Advent of the Archmage Chapter 38 - Let’s Charge in! Bahasa Indonesia - Indowebnovel

Advent of the Archmage Chapter 38 – Let’s Charge in! Bahasa Indonesia

Reader Settings

Size :
A-16A+
Daftar Isi

Bab 38: Ayo Serang!

Penerjemah: Nyoi-Bo Studio Editor: Nyoi-Bo Studio

Kelompok Tentara Bayaran Flamingo telah menyerah kepada Link, dan begitu Pemanah Gildern sadar, mereka akan segera bergerak.

Jacker sebelumnya telah melakukan beberapa penyelidikan untuk misi tersebut, dan tujuan mereka adalah bagian barat laut hutan Girventh yang disebut Teluk Gema.

Saat mereka melakukan perjalanan, Jacker memberi tahu Link tentang situasi yang akan mereka hadapi berdasarkan informasi yang telah dikumpulkannya.

“Anggota Dark Brotherhood akan menjaga pintu masuk teluk, berpatroli di sekitar seratus meter. Ada sebuah gua di sana, yang, menurut informasi yang kami kumpulkan, adalah tempat persembunyian Viktor yang biasa. Beberapa pengawal mengelilinginya di dalam gua, masing-masing adalah anggota elit Brotherhood, sangat terampil dalam pertempuran.”

“Apakah kalian tahu berapa banyak orang yang akan kita hadapi?” tanya Link.

“Seharusnya ada setidaknya 60 orang yang berpatroli di teluk itu. Aku tidak yakin tentang pengawal di dalam gua, tapi seharusnya tidak kurang dari 30 orang,” jelas Jacker, “Kita hanya berempat, jadi menyerbu langsung ke sarang singa mungkin ide yang buruk. Rencana awal kita adalah berjaga di mulut teluk. Viktor adalah pemimpin Dark Brotherhood; orang seperti itu tidak bisa terus bersembunyi di gua selamanya. Dia pasti akan keluar pada akhirnya, dan ketika itu terjadi, kita akan menyergap dan membunuhnya.”

“Kecuali kita sudah menunggu selama dua minggu dan kita belum melihat bayangannya sekali pun.” Tangan Gildern terulur, wajahnya tampak putus asa.

Link merasa masih belum mengetahui beberapa hal penting, jadi dia bertanya kepada yang paling fasih di antara ketiganya, Lucy, “Sebenarnya apa ceritanya di sini?”

Jadi Lucy menjelaskan setiap detail dari awal hingga akhir, dan sekarang semuanya mulai masuk akal bagi Link.

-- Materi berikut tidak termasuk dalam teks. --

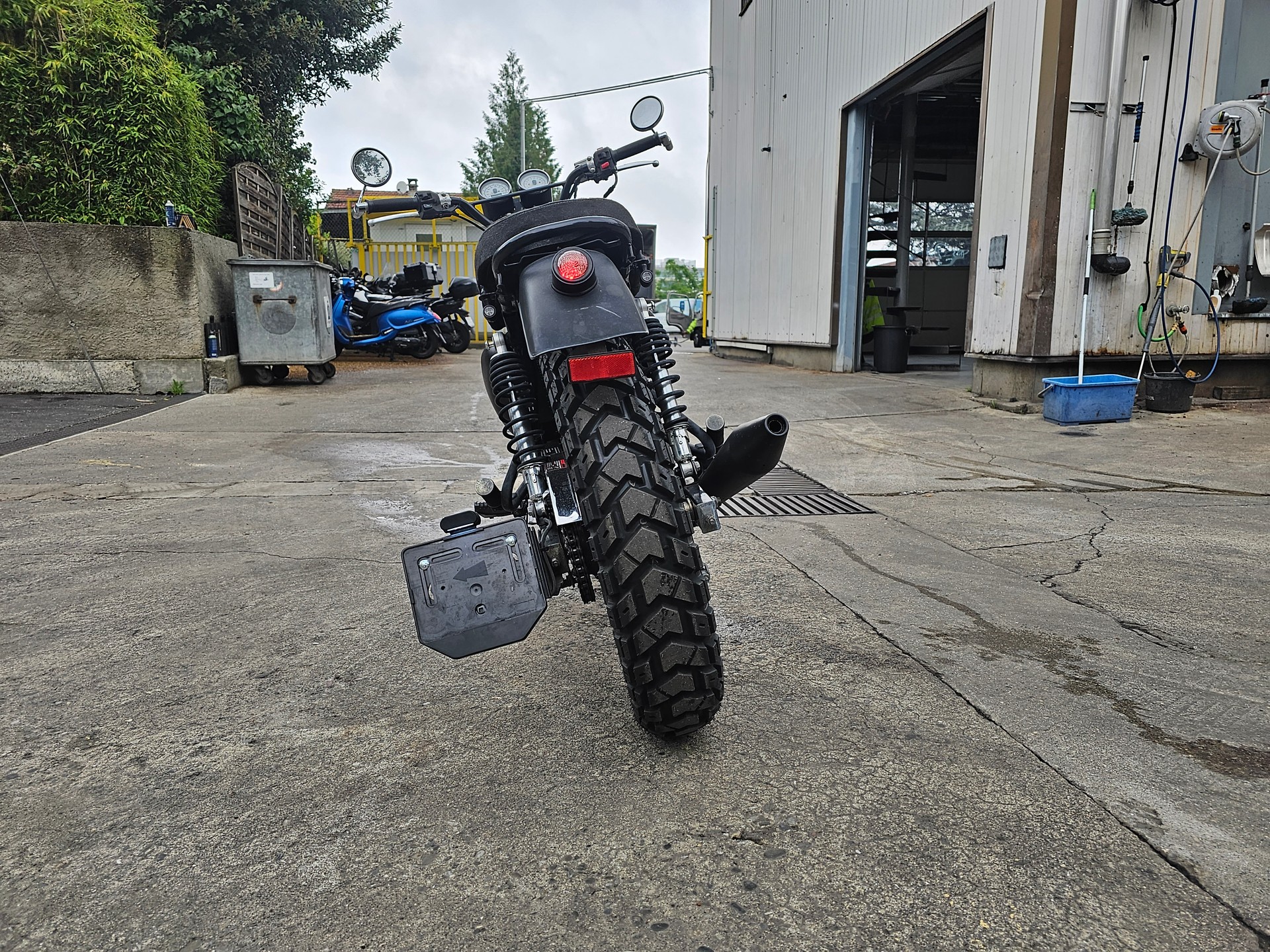 MASH 400 Scrambler-image-4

Ternyata, Pasukan Tentara Bayaran Flamingo berasal dari Utara, tetapi sejak para Elf Kegelapan menyerang kota Gladstone, Jacker, yang merupakan pemimpinnya, merasa tidak aman untuk tinggal di sana. Ada kemungkinan besar mereka akan bertemu dengan pasukan Elf Kegelapan, dan makhluk-makhluk haus darah itu tidak pernah menunjukkan simpati kepada manusia sebelumnya. Mereka akan membunuhmu begitu melihatmu, tanpa bertanya. Dengan

keadaan seperti itu, mereka akan mempertaruhkan nyawa mereka jika tetap tinggal di sana, jadi mereka pindah ke selatan.

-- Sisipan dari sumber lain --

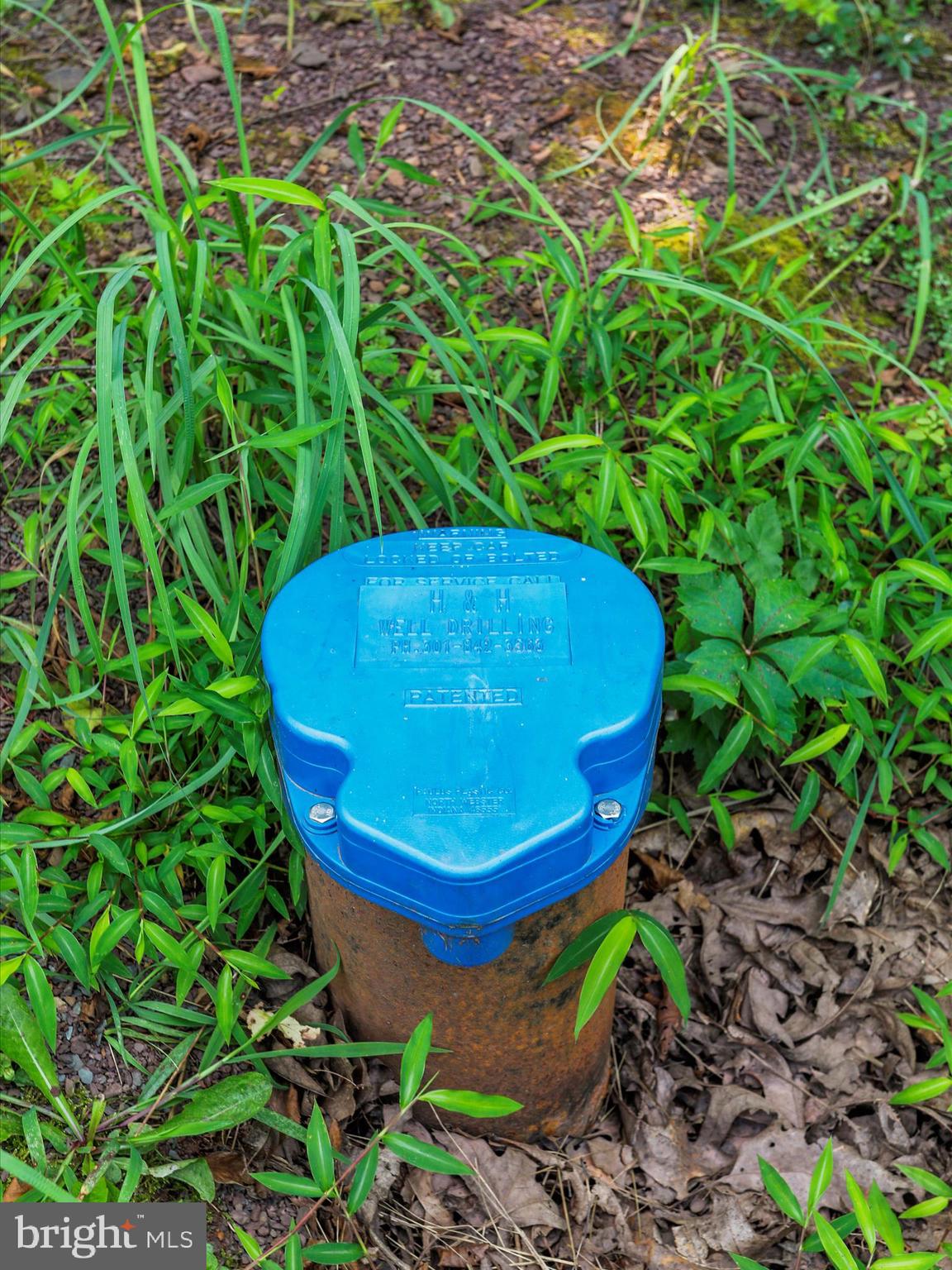 SLIM CHANCE ACRES - Land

Hanya 20 hari sebelumnya, ketiganya mencapai Hutan Girventh. Kemudian mereka menerima misi dari Balai Kota River Cove. Setelah itu, mereka sedikit mengendus-endus dan mengumpulkan informasi yang cukup dan memutuskan untuk berjaga di Cove of Echoes.

Tetapi pada akhirnya, penyergapan itu sia-sia. Selama dua minggu, mereka tidak melihat jejak Viktor sama sekali.

Link mengetuk dahinya pelan dengan ujung tongkat sihirnya. Dia berpikir keras sejenak, dan tak lama kemudian dia mendapat sebuah ide. “Tidak mungkin Viktor bersembunyi di gua sepanjang waktu. Karena kau belum pernah melihatnya keluar, mungkin dia memang tidak berada di dalam gua sejak awal. Atau, ada jalan keluar lain dari gua.”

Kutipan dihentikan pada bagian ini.